Fig. 18.19 With latent strabismus (phoria) the eyes are straight but tend to deviate if binocular reflexes are interrupted. An alternate cover test detects latent strabismus. In this patient with latent esophoria the right eye becomes convergent when occluded by the Spielman occluder (this is a frosted occluder that is sufficiently opaque to blur vision but allows eye position to be seen through the occluder). When the cover is rapidly transferred to the left eye the right eye refixates and the left becomes convergent. The cover must be moved from one eye to the other without allowing for refixation during the test; several passages are usually needed to dissociate the eyes fully and to reveal the full magnitude of the deviation.

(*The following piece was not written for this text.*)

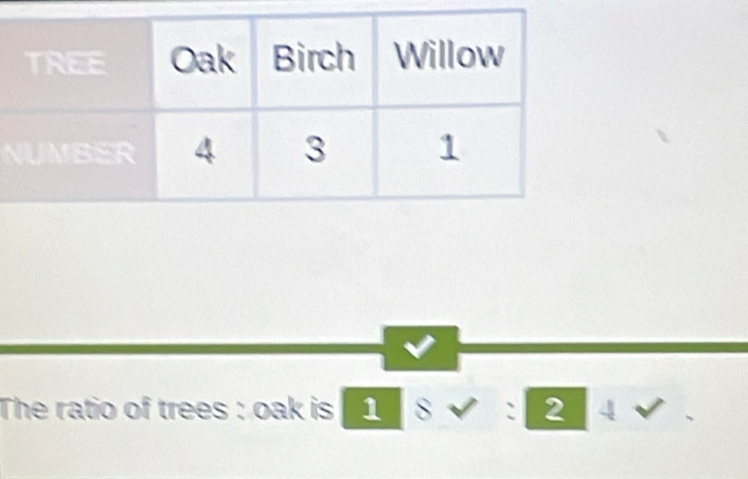 The ratio of trees : oak is 1 8 √ : 2 4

Removal of the cover restores binocular vision and allows the rate of binocular recovery and degree of control over the latent strabismus to be assessed. A cover–uncover test of each eye in turn should be performed initially to elicit a manifest strabismus followed by the alternate cover test. Cover tests should be performed for near and distant fixation, with and without an associated head posture, and with and without spectacles.
MEASUREMENT OF STRABISMUS
Fig. 18.20 In the prism cover test, a prism bar is used to increase the strength of the prism until there is no recovery movement on alternate cover testing. This is equal to the deviation, expressed in prism dioptres (1 prism dioptre (Δ)= ½° of angle). The test should be performed at 33 cm and 6 m and sometimes at 60 m (for intermittent exodeviations). If spectacles are normally worn the test should be performed both with and without them.